Officials with air traffic controls tried to make contact with the pilots on multiple separate instances once they noticed that the Ethiopian Airlines plane flying from Sudan to Ethiopia has not made any move to start its descent, but in each case, the 737’s crew failed to respond, as reported by The Aviation Herald. After the plane blew past its assigned runway, its autopilot functions turned off and sounded a series of alarms that finally woke the pilots up, who were then able to safely land the aircraft roughly 25 minutes after it was slated to land.

“Deeply concerning incident at Africa’s largest airline — Ethiopian Airlines Boeing 737 #ET343 was still at cruising altitude of 37,000ft by the time it reached destination Addis Ababa,” explained Aviation Analyst Alex Macheras, all alongside a picture highlighting the odd and haphazard flight path from the plane.

The pilots from the incident have officially been suspended by Ethiopian Airlines pending an in-depth investigation into the ordeal, stated Macheras.
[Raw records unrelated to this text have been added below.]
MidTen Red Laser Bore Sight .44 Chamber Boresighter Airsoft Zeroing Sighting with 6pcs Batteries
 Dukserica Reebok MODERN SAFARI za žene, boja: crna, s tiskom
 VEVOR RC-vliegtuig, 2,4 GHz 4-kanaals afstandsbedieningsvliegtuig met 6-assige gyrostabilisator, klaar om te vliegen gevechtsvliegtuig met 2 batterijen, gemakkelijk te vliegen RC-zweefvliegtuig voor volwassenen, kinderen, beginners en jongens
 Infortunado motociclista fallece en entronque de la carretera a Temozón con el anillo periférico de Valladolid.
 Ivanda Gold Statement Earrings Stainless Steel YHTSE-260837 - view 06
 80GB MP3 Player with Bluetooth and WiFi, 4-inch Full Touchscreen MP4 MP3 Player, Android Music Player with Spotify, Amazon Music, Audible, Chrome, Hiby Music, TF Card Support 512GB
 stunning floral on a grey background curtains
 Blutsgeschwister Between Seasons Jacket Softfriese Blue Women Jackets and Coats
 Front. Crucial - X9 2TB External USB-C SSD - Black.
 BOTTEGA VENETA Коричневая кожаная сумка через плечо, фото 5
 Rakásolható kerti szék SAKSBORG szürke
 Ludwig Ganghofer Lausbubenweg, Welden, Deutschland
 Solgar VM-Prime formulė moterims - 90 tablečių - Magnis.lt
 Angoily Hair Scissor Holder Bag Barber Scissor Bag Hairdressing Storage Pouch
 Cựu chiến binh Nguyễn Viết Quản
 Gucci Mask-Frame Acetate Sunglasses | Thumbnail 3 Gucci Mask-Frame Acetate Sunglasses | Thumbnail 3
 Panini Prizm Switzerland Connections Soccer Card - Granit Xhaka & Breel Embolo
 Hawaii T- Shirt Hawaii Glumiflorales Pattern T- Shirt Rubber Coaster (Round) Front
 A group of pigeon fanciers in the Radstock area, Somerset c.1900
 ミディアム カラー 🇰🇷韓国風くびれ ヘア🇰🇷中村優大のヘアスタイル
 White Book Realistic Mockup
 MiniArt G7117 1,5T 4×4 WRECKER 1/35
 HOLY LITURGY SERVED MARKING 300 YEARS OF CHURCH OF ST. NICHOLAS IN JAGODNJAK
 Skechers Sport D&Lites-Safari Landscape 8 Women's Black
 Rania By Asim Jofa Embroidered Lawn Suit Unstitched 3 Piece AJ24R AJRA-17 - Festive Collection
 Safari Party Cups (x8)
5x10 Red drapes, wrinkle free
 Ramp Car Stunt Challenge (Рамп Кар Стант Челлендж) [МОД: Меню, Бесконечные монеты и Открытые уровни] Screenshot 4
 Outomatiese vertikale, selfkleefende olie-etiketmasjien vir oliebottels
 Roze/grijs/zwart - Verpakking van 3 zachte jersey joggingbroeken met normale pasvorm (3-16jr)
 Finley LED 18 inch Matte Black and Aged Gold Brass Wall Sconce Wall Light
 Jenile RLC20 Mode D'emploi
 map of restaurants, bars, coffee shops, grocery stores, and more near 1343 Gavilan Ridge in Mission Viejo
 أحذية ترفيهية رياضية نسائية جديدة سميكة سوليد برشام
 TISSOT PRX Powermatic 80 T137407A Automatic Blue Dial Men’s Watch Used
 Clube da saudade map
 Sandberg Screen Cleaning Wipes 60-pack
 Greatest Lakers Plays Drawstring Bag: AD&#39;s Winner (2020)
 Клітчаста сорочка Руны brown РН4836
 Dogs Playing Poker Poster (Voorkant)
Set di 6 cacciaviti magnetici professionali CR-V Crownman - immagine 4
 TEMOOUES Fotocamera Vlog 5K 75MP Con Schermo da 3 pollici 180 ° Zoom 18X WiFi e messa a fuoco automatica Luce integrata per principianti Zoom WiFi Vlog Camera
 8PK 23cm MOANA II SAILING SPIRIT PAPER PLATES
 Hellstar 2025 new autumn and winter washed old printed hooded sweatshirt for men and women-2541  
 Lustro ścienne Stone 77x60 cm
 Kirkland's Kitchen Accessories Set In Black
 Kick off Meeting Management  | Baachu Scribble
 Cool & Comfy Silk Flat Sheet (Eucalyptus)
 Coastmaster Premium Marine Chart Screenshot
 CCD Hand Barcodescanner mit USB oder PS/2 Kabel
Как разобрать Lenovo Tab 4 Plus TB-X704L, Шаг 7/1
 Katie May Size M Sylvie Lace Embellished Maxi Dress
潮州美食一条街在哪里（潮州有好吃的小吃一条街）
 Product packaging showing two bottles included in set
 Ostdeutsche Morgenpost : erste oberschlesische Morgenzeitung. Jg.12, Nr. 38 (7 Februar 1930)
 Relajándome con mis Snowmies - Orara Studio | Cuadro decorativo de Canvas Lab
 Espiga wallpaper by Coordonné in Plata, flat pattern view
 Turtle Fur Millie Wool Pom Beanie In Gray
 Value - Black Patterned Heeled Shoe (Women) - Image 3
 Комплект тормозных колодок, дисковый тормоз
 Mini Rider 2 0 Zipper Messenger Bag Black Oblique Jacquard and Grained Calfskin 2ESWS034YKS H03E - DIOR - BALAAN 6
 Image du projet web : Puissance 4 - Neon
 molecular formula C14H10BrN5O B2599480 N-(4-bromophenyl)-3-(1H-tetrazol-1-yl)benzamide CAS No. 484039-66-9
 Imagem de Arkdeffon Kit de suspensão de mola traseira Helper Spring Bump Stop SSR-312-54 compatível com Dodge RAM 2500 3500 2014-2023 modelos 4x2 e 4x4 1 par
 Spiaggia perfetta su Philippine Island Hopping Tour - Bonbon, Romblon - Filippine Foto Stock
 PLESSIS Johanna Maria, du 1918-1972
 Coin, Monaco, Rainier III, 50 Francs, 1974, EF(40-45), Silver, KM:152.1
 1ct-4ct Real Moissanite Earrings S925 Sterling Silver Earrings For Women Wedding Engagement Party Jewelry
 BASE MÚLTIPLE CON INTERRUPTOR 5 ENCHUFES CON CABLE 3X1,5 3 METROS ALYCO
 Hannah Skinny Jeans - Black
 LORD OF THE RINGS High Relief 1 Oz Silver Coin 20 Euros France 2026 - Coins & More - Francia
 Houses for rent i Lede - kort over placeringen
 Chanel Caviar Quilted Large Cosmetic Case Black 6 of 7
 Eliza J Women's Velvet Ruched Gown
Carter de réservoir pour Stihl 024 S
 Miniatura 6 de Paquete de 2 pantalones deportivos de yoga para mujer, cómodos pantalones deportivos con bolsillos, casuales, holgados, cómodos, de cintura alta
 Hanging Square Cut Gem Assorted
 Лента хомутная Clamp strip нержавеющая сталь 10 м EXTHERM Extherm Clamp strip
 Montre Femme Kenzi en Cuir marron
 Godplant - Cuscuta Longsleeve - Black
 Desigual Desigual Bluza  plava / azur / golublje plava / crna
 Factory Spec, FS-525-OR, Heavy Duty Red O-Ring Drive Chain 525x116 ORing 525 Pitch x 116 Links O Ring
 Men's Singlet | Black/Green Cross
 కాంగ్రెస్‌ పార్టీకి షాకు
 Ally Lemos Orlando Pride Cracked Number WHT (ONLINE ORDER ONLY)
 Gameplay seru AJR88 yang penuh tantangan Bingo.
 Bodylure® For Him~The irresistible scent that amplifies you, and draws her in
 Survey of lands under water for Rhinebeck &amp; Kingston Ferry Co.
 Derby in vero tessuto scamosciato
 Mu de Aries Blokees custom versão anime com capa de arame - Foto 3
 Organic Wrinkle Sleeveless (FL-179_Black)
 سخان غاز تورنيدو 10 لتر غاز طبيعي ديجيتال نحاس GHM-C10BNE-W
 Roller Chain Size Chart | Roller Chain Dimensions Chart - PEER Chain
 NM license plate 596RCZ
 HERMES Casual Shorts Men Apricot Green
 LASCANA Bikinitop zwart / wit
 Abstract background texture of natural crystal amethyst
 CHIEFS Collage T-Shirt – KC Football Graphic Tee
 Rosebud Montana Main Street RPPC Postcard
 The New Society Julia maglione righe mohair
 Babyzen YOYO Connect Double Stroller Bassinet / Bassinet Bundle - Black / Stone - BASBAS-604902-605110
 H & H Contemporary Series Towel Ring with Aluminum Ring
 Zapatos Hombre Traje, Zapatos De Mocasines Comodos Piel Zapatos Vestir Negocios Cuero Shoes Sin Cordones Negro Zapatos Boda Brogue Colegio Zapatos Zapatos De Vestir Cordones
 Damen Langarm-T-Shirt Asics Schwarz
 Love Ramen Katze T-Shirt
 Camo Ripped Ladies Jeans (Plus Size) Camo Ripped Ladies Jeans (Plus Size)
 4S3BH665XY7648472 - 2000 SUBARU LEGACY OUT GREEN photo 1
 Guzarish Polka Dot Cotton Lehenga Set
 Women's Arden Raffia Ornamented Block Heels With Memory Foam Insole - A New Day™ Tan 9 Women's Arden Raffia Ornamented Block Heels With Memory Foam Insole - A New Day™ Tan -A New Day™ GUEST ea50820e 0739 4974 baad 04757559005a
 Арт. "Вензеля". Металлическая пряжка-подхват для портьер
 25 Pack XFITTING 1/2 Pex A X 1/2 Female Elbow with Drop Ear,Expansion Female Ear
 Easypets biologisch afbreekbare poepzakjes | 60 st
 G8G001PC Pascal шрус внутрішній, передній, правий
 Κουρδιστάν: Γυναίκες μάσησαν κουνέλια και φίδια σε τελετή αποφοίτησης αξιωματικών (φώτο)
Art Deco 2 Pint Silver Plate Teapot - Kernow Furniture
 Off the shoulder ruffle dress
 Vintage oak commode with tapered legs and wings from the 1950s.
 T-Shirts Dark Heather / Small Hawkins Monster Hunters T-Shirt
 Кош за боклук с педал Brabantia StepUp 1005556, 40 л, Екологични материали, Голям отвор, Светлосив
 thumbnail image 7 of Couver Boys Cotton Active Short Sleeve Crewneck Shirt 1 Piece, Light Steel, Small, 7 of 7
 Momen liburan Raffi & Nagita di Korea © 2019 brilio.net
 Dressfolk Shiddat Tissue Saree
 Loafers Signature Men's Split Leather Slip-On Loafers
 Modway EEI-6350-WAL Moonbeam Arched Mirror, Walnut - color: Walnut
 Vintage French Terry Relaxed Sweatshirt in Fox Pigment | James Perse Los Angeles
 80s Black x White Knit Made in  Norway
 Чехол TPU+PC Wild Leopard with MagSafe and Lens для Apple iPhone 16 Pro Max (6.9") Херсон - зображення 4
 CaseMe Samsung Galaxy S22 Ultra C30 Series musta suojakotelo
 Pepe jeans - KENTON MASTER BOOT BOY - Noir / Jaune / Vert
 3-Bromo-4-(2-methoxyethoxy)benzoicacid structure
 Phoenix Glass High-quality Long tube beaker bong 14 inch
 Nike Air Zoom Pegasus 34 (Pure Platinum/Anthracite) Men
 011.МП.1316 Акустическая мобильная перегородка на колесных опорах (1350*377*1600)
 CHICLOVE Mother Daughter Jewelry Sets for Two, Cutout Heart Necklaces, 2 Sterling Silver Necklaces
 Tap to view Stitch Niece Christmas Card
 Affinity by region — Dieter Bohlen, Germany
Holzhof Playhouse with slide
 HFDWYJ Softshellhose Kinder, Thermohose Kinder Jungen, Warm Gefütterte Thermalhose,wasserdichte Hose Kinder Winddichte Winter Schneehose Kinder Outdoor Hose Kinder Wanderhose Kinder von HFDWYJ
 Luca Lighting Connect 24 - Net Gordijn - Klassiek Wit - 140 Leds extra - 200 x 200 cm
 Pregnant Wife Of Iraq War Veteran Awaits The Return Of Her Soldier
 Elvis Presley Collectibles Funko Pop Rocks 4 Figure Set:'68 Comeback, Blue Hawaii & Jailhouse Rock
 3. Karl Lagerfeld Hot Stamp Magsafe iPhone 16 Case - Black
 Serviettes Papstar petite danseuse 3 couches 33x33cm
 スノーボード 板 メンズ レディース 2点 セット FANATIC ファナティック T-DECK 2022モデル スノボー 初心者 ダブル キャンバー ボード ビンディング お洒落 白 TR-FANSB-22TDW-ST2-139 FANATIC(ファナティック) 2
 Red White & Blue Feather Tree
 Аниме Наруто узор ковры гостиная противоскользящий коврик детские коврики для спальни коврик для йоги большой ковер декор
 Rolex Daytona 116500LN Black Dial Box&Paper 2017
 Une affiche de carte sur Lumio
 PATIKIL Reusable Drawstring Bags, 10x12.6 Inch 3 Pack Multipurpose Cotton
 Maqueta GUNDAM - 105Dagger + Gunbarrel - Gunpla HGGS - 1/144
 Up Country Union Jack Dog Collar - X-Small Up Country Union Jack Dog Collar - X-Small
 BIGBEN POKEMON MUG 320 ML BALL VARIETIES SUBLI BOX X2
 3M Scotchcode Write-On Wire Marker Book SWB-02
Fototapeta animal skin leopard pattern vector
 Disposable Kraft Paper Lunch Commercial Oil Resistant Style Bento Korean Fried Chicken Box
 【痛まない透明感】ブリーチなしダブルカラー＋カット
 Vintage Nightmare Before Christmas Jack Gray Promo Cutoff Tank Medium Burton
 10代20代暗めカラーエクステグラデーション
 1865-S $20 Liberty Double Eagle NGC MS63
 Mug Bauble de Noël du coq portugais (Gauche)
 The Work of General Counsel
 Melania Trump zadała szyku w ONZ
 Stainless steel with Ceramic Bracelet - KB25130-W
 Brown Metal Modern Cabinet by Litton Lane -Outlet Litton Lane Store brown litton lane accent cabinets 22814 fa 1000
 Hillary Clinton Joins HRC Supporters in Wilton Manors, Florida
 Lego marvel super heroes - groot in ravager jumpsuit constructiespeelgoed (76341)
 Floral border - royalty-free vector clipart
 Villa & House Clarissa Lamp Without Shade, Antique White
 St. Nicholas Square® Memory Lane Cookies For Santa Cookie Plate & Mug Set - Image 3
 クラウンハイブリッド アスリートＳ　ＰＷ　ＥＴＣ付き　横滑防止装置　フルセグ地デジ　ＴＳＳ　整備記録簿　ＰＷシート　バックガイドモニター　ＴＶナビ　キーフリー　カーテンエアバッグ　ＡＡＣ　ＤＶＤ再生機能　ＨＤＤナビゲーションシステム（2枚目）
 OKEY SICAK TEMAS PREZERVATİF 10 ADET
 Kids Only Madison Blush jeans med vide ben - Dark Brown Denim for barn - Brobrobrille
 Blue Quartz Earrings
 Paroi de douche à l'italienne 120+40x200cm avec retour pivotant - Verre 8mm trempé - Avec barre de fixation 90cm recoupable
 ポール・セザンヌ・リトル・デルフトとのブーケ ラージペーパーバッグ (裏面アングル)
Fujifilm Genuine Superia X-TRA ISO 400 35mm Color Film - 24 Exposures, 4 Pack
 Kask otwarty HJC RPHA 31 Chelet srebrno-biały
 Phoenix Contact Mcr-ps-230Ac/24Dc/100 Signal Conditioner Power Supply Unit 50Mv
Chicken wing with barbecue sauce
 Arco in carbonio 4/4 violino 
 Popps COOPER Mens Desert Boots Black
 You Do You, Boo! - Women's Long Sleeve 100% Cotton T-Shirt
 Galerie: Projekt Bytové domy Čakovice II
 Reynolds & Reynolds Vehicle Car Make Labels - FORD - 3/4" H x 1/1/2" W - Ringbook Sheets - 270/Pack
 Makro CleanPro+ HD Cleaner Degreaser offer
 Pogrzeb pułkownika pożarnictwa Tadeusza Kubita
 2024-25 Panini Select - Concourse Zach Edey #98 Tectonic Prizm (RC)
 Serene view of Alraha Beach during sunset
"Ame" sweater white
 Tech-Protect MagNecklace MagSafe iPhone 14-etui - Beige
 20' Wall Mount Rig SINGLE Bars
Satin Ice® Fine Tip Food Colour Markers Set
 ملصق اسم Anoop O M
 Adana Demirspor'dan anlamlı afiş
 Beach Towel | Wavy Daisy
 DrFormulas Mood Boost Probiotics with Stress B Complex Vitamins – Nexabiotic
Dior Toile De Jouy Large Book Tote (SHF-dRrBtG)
He went on to add that “pilot fatigue” is currently one of the most massive challenges facing the airline industry and endangering passenger safety.

“A timely reminder that pilot fatigue is widespread, an issue across the airline spectrum, sometimes systematic, and poses a major threat to air safety,” explained the aviation expert.

The problem of fatigue has also been an extreme concern among pilots for many airline companies in America, especially among the reported shortages in staffing facing the industry. As reported by CNBC, United CEO Scott Kirby expressed in April, “The pilot shortage for the industry is real, and most airlines are simply not going to be able to realize their capacity plans because there simply aren’t enough pilots, at least not for the next five-plus years.”

Also in April, pilots for both Delta and Southwest warned the executives of the companies about the extreme danger of overworking airline crews, as reported by CNN.

“Fatigue, both acute and cumulative, has become Southwest Airlines’ number-one safety threat,” wrote Southwest’s pilot’s association in a release sent to company executives. Evan Baach, a captain for Delta Airlines and an official for the Air Line Pilots Association went on, “Our pilots are tired and fatigued.”